Chegando à pedreira seu Cloro foi falar com o dono que era seu conhecido. O homem estava com um chapéu daqueles que parecia um mexicano, e pergunta pra que eram os seixos e papai responde que era para o seu jardim. O homem cheio de graça diz – vai deixar seu jardim bem redondinho né? Papai riu e não deu resposta, e o homem pergunta a ele, se ele entendia de papagaio, tenho um em casa o que quer saber? – Tenho dois papagaios e não sei quem é o macho e a fêmea, o senhor sabe? Papai diz que não, e você só vai saber se colocar os dois num quarto escuro por cinco minutos, e de repente você abre a porta, quem estiver em baixo é a fêmea, e o senhor raspa a cabeça da fêmea pra não se confundir mais.
Fomos embora, e dois dias depois o homem foi deixar a carrada de seixo, chegando lá, papai pergunta ao homem se tinha descoberto o sexo dos papagaios, o homem disse descobri, deu certo, e tira chapéu em gesto de agradecimento, e mostra uma grande careca, e papai não deixou por menos – ta dando também? O homem pergunta por que, papai diz, raspou a cabeça? O homem ri e diz – o senhor não esqueceu minha brincadeira do seu jardim redondo, papai diz – nem você esqueceu de raspar a cabeça. Os dois ficaram rindo e o homem foi embora.

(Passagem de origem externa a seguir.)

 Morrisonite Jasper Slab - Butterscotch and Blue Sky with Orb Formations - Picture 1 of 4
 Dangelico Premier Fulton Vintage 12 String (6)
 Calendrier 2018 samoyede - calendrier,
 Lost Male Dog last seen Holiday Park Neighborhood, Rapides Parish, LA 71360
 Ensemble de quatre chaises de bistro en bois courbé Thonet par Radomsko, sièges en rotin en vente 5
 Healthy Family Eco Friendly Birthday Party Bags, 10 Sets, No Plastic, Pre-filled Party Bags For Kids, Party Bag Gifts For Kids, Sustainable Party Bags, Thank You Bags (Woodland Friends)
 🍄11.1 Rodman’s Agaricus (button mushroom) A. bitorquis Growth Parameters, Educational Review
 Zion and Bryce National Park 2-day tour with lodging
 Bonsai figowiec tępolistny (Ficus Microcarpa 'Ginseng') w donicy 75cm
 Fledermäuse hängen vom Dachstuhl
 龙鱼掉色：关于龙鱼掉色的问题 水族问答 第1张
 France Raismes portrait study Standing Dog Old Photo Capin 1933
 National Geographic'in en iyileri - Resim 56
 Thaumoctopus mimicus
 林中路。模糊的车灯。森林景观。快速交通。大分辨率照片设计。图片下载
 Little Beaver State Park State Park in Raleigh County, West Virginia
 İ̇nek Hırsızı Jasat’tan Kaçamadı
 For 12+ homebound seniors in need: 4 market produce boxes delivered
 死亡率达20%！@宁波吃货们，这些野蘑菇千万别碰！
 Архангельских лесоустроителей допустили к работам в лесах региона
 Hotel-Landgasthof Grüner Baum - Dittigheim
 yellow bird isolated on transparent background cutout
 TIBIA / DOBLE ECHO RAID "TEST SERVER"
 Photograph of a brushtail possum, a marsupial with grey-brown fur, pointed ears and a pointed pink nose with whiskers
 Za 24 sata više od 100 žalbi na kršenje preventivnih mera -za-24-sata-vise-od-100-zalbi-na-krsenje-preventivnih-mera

Toda tarde, depois do trabalho, em torno das cinco horas, os amigos se reuniam na Farmácia Natal, de propriedade de Cloro. Iam vários amigos, de profissões diversas e á tardinha, enchiam a calçada da farmácia, para tomar um café (tinha dois cafés na esquina, Majestic e Nações Unidas) e colocar as conversas em dia.
Iderval era um gozador extrovertido, Cloro gozador, mais discreto, quase sonso, e os dois eram unha e carne, além de serem vizinhos de residência.
Certo dia Iderval chega à farmácia e pede a seu João antigo funcionário, uma vassoura, e começa a passar a vassoura varias vezes, próximo ao balcão, no mesmo lugar umas dez vezes e depois entregava a vassoura de volta a seu João e os outros olhavam curiosos, mas não perguntavam nada, e assim fazia todos os dias, e ficavam comentando – ele deve estar ficando louco, outro dizia -será que ele está ficando caduco? E assim ele continuava a fazer a mesma coisa todos os dias, até que um curioso pergunta a ele o que era aquilo que fazia com a vassoura, ele diz – estou coçando as costas de uma formiga, o outro olhou para ele com a cara de admiração e diz você deve estar ficando louco, mas no outro dia ele faz a mesma coisa, pede a vassoura e varre no mesmo lugar. Um amigo não se conteve e se abaixa para ver tal formiga, e afirma – não vi nada, Iderval responde – é ela hoje não veio.
E assim ele pegou uns dez amigos que se abaixavam pra ver a tal formiga. Brincadeiras sadias, que tornavam as tardes da Farmácia Natal, bem frequentadas.